_Work item:_
Please set down every entry again exactly as it stands, without the pictures.

_Supplied information:_
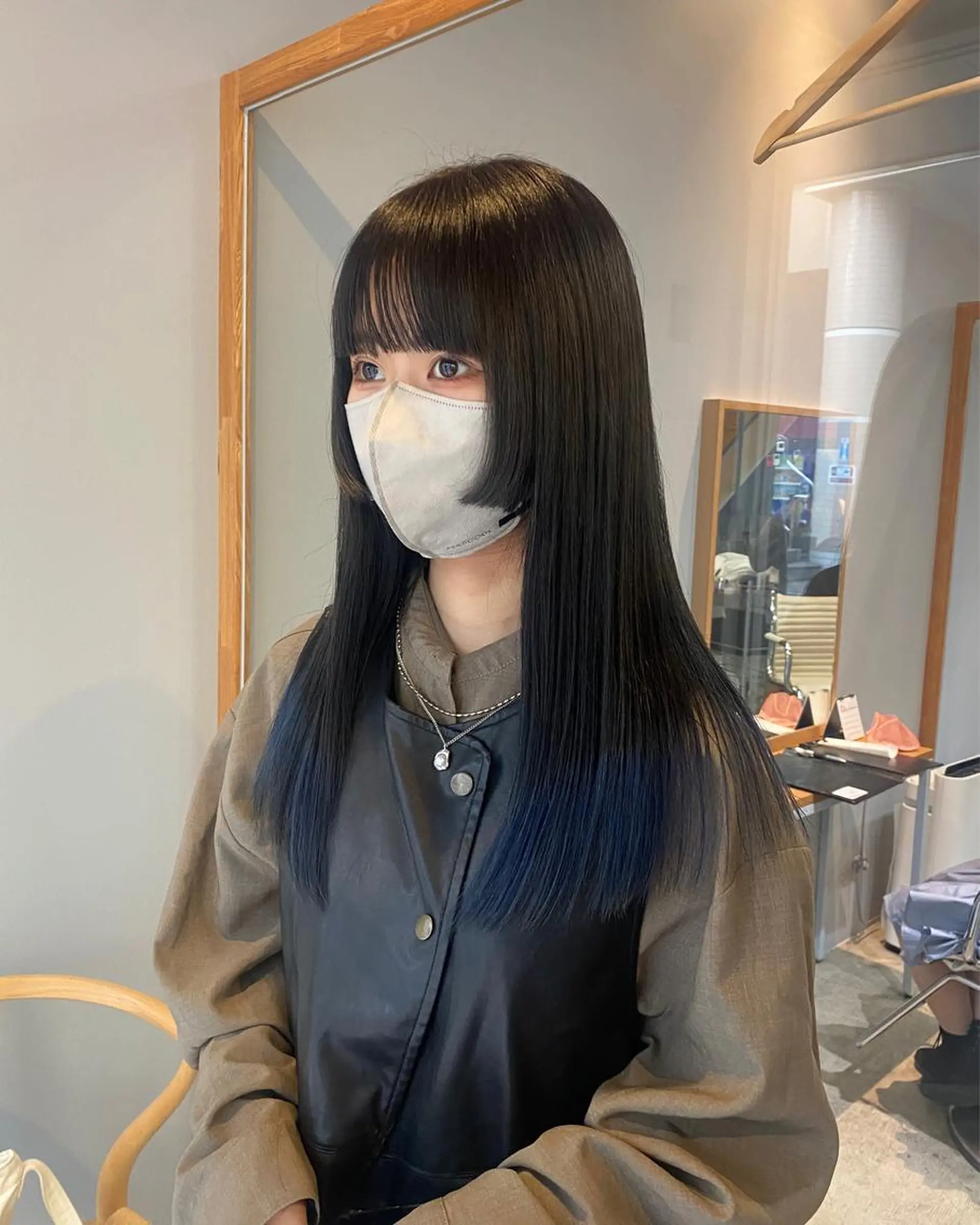 ロング shiga mariaのヘアスタイル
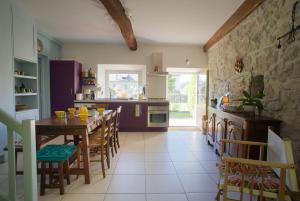 cocina con mesa y sillas en una habitación en Angel Services - La Bergerie en Duingt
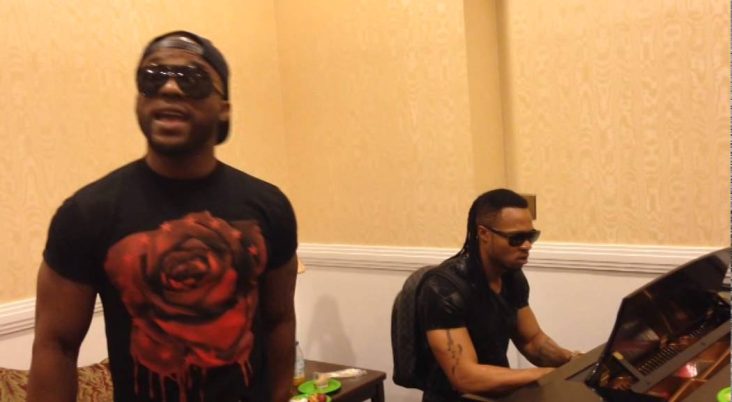 Iyanya + Flavour Live Backstage Freestyle in DC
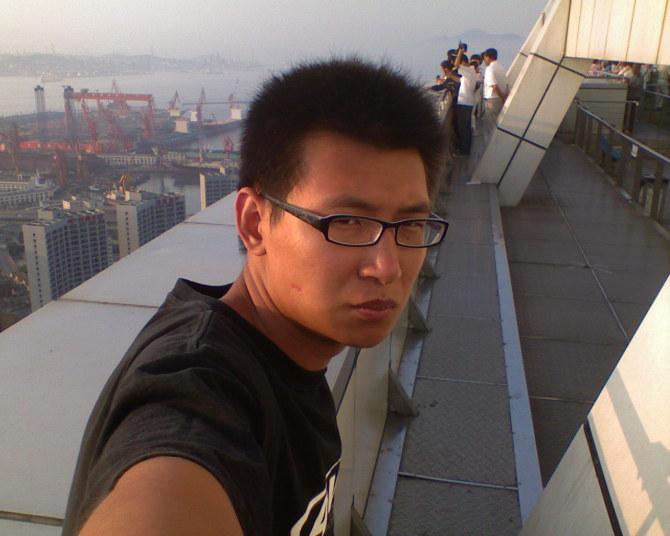 王龙照片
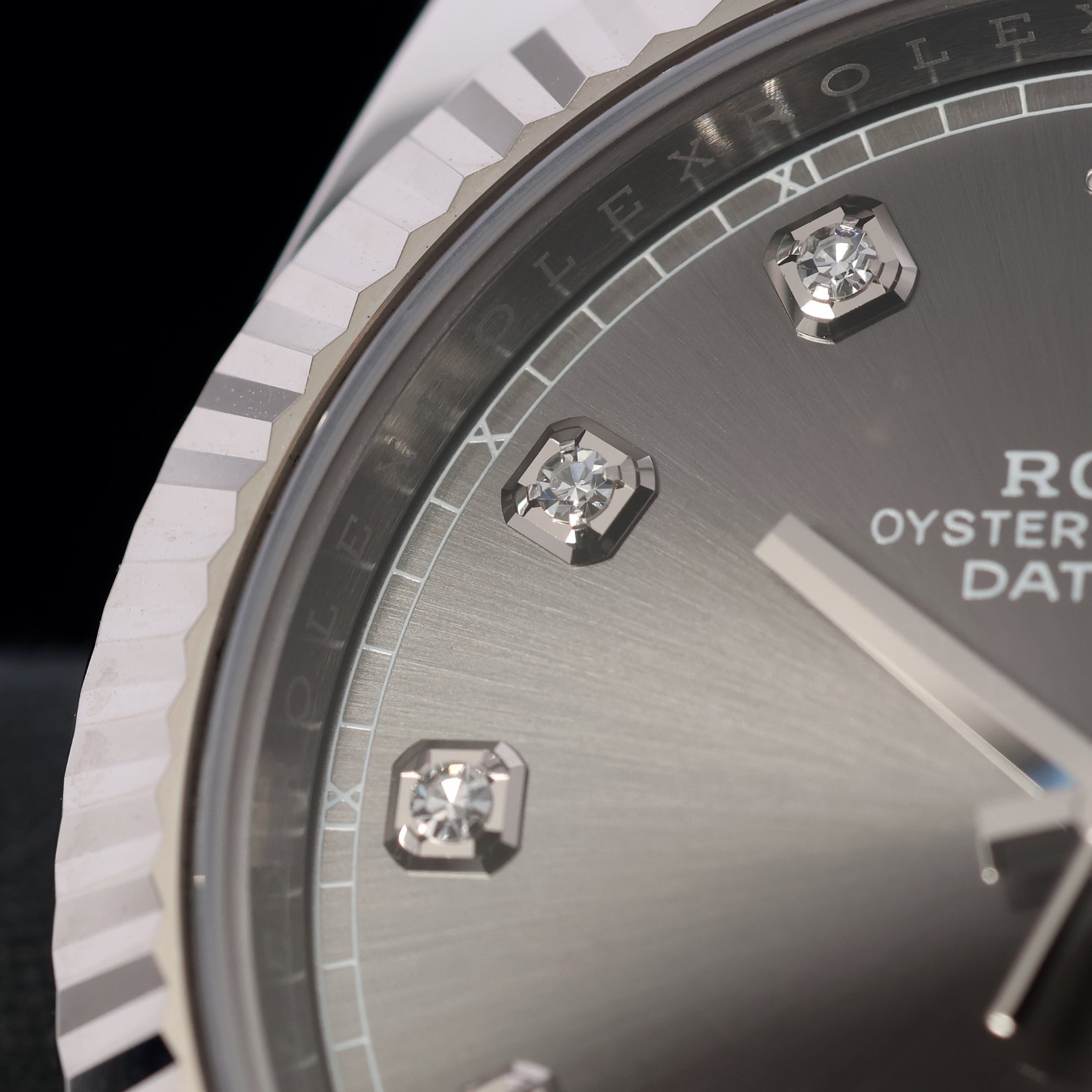 Rolex Datejust 41, Rhodium Brillant, Grau, Brillantbesetzt, Ref. 126334, B+P - LUXUHRIA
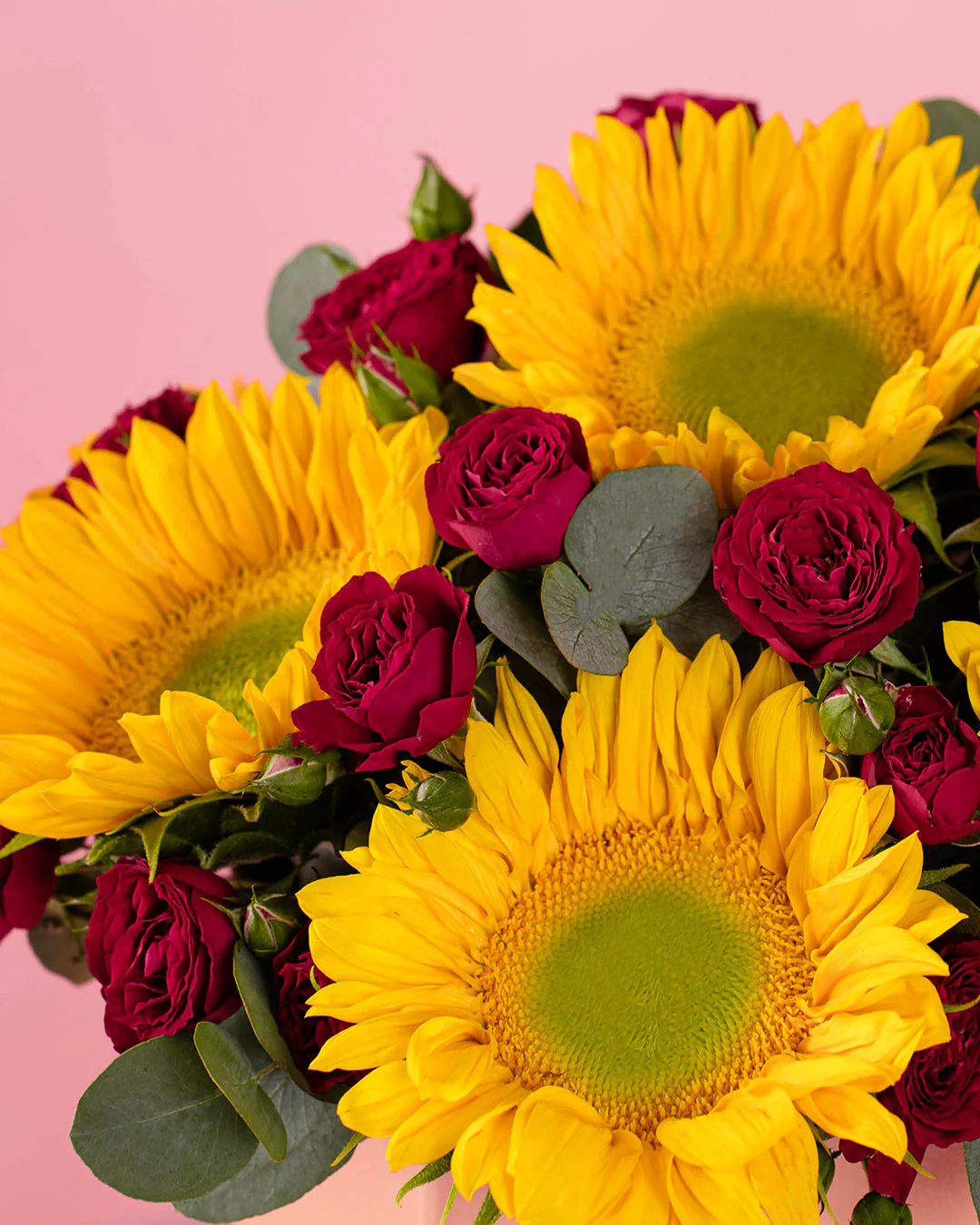 Zendaya Yellow Sunflower Flower Box - Image 5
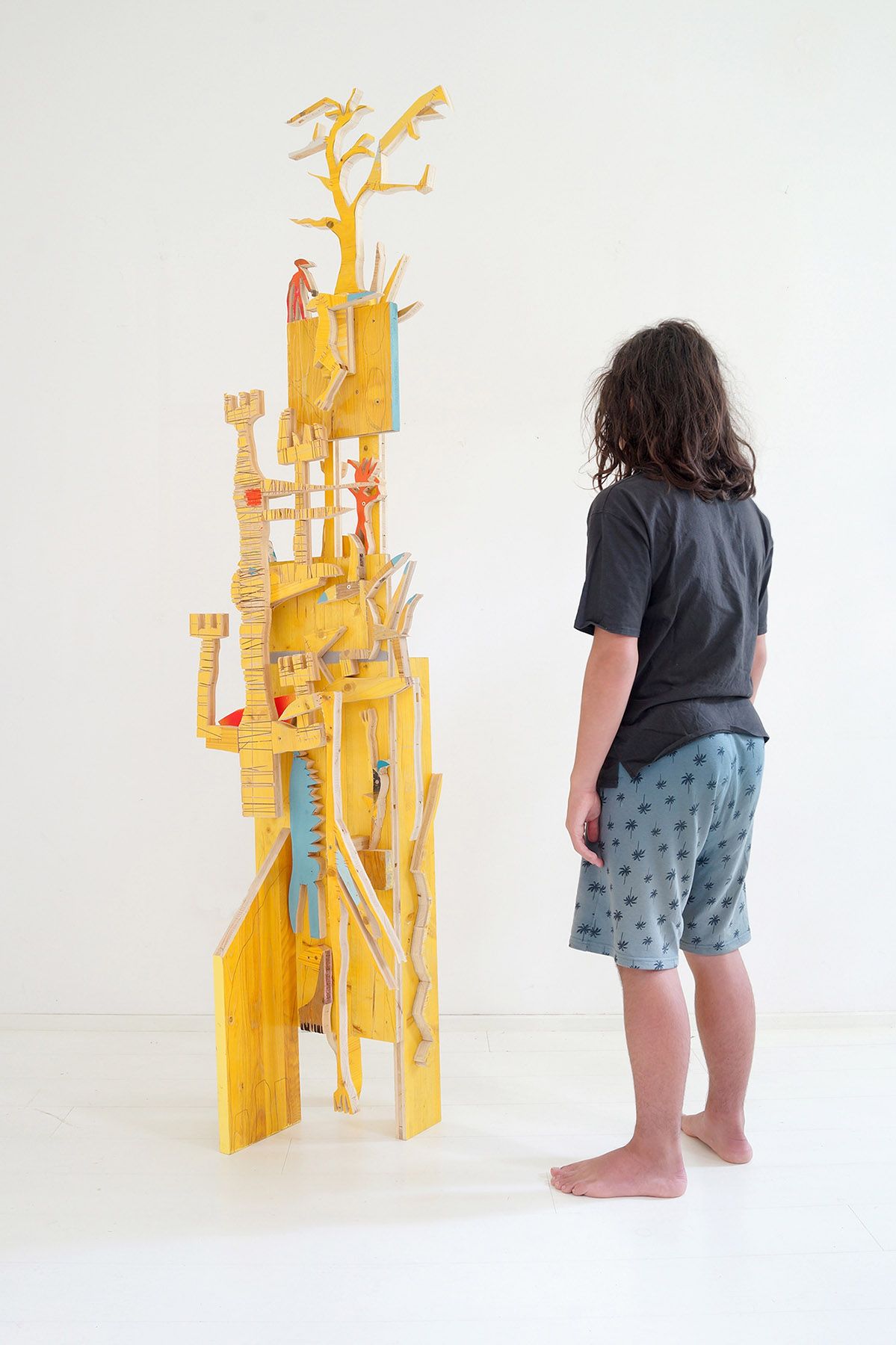 the arrival, project about language and communication in contemporary art, installation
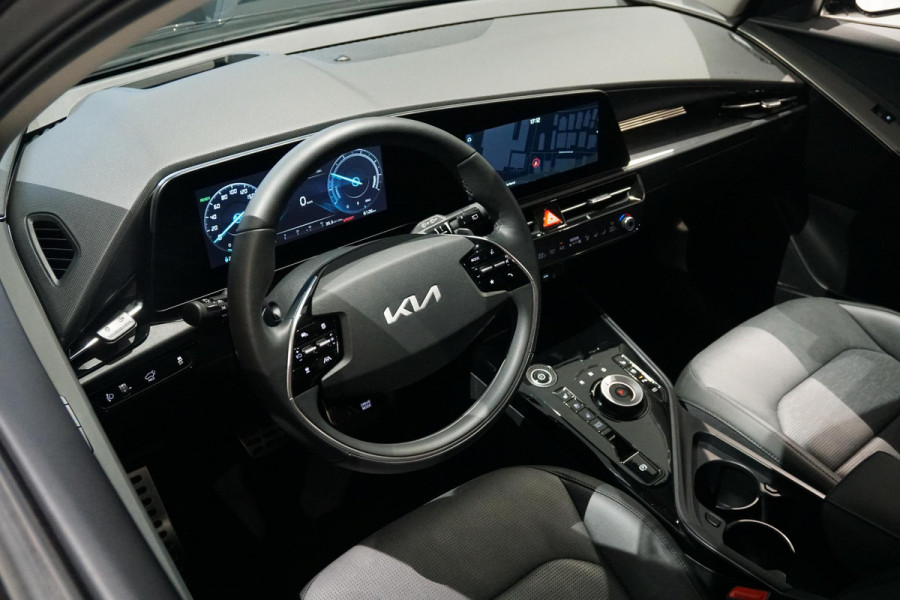 Kia Niro EV ExecutiveLine 64.8 kWh *INCL. BTW* + HEAD-UP / HARMAN KARDON / STOELVENTILATIE / LEDER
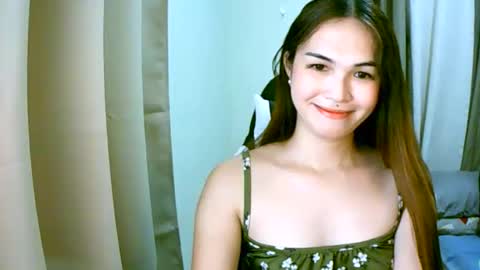 Snapshot of luvv_soleil chatting on 03/15/26, 10:32 Sol online show from 03/15/26, 10:32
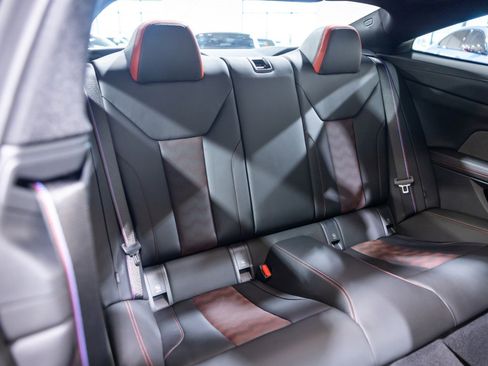 Used 2025 BMW M4 CS AWD/4WD image 38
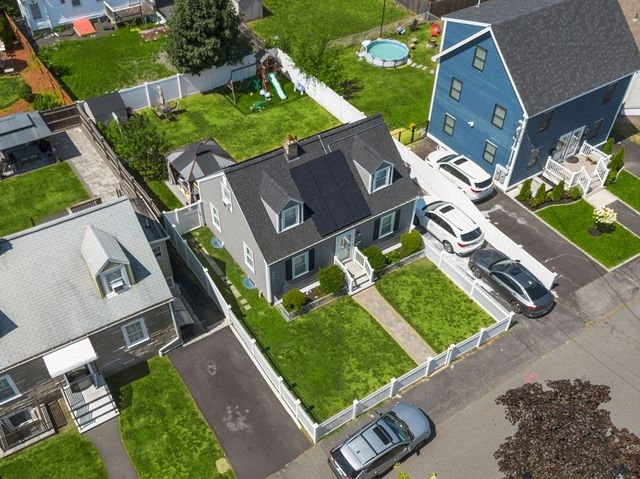 176 Gore Rd, Revere, MA 02151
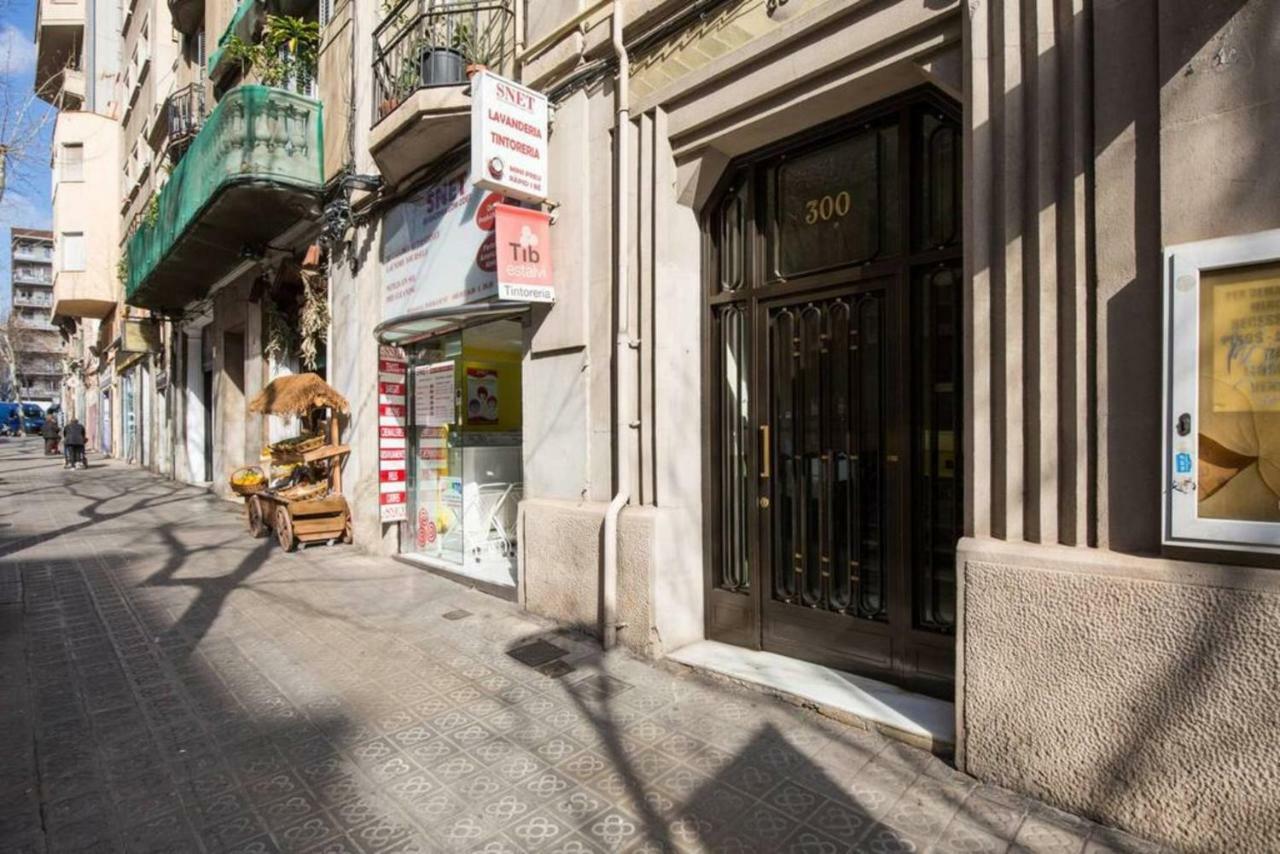 Lodging Apartments Sagrada Familia Barcelona Bagian luar foto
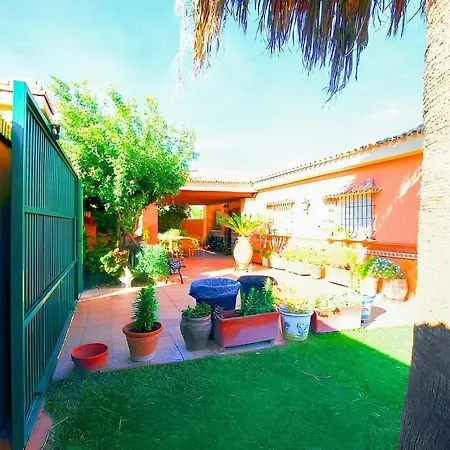 Con Piscina Privada Y Amplio Jardin En - Solo Familias Y Parejas Holiday home *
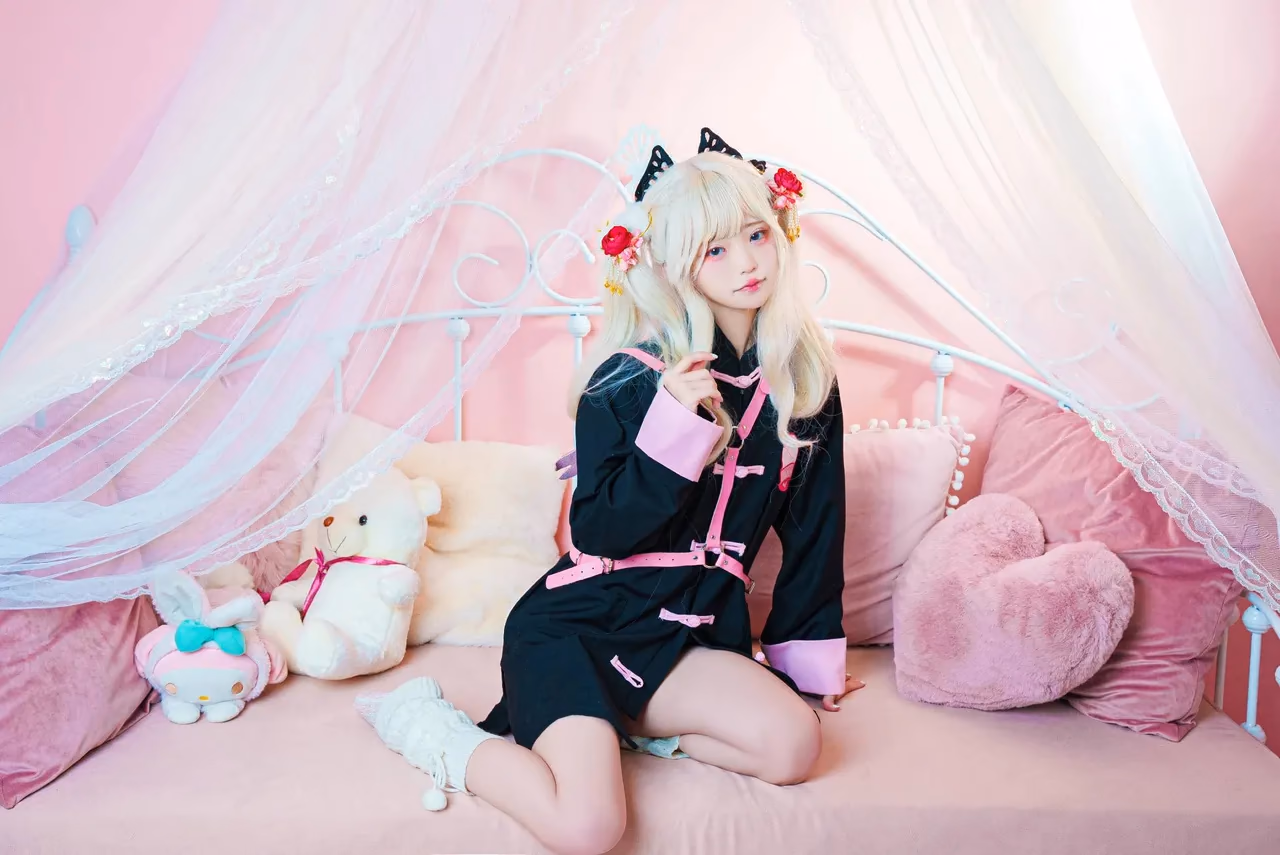 Iri as Illyasviel Von Einzbern — cosplay photo 1 of 35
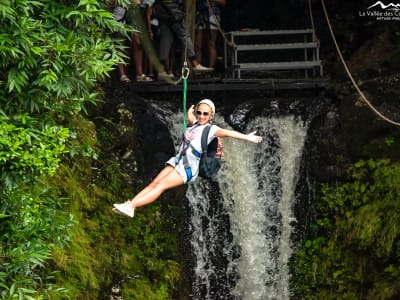 Seilrutsche am Chamouzé-Wasserfall im Vallé-Park, Mauritius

_Answer space:_
 ロング shiga mariaのヘアスタイル
 cocina con mesa y sillas en una habitación en Angel Services - La Bergerie en Duingt
 Iyanya + Flavour Live Backstage Freestyle in DC
 王龙照片
 Rolex Datejust 41, Rhodium Brillant, Grau, Brillantbesetzt, Ref. 126334, B+P - LUXUHRIA
 Zendaya Yellow Sunflower Flower Box - Image 5
 the arrival, project about language and communication in contemporary art, installation
 Kia Niro EV ExecutiveLine 64.8 kWh *INCL. BTW* + HEAD-UP / HARMAN KARDON / STOELVENTILATIE / LEDER
 Snapshot of luvv_soleil chatting on 03/15/26, 10:32 Sol online show from 03/15/26, 10:32
 Used 2025 BMW M4 CS AWD/4WD image 38
 176 Gore Rd, Revere, MA 02151
 Lodging Apartments Sagrada Familia Barcelona Bagian luar foto
 Con Piscina Privada Y Amplio Jardin En - Solo Familias Y Parejas Holiday home *
 Iri as Illyasviel Von Einzbern — cosplay photo 1 of 35
 Seilrutsche am Chamouzé-Wasserfall im Vallé-Park, Mauritius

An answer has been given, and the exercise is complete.